_Aim of the exercise_.
Write out exactly the lines below that run from the one containing "meramli-ogrenciler,-15-temmuz--(5).jpg" through the one containing "Baby in grijze", both included, with no other lines.

_Material provided_.
****************************************
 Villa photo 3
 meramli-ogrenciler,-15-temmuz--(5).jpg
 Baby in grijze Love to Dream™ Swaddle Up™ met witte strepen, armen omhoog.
****************************************
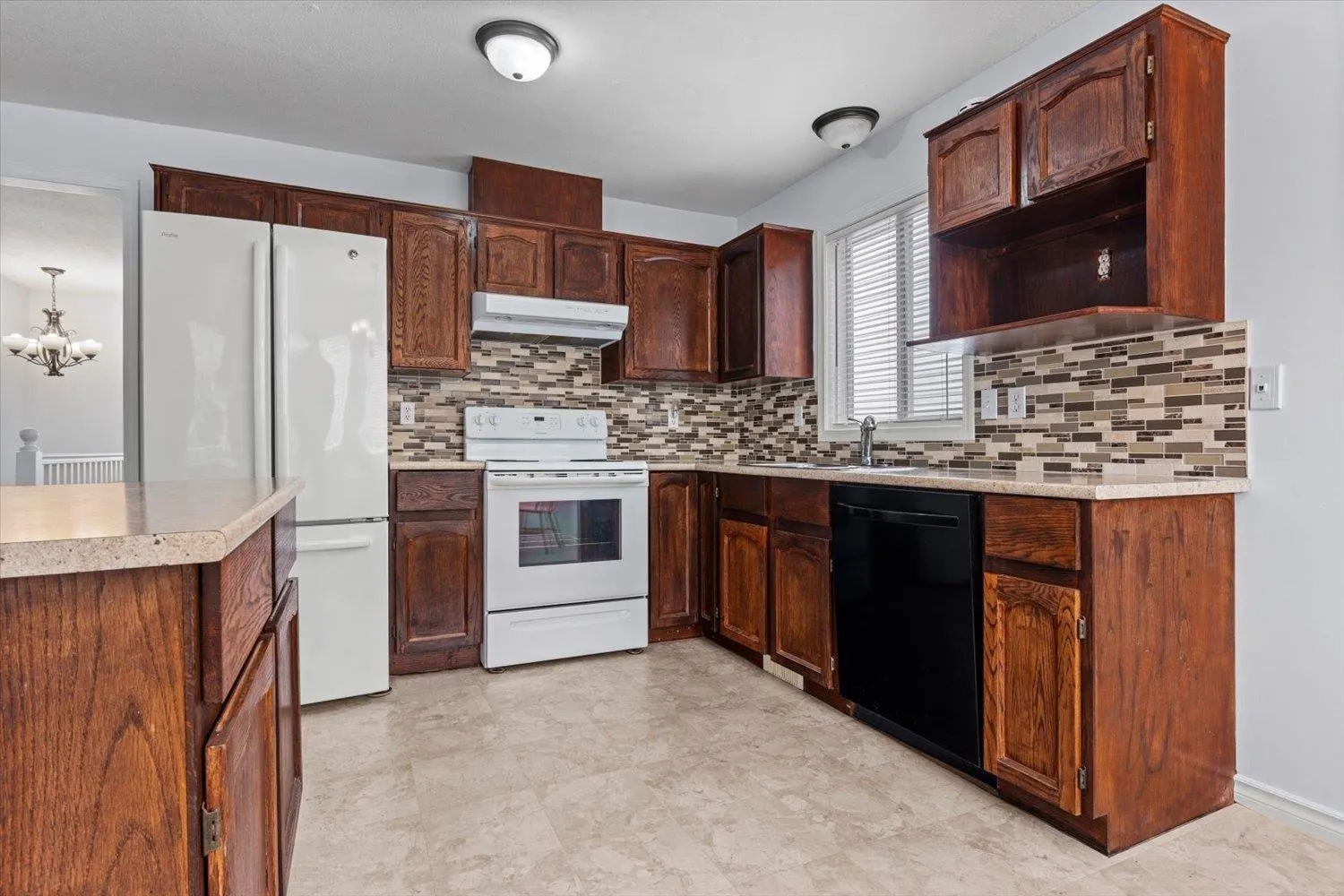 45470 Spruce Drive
****************************************
_Problem solution_.
 meramli-ogrenciler,-15-temmuz--(5).jpg
 Baby in grijze Love to Dream™ Swaddle Up™ met witte strepen, armen omhoog.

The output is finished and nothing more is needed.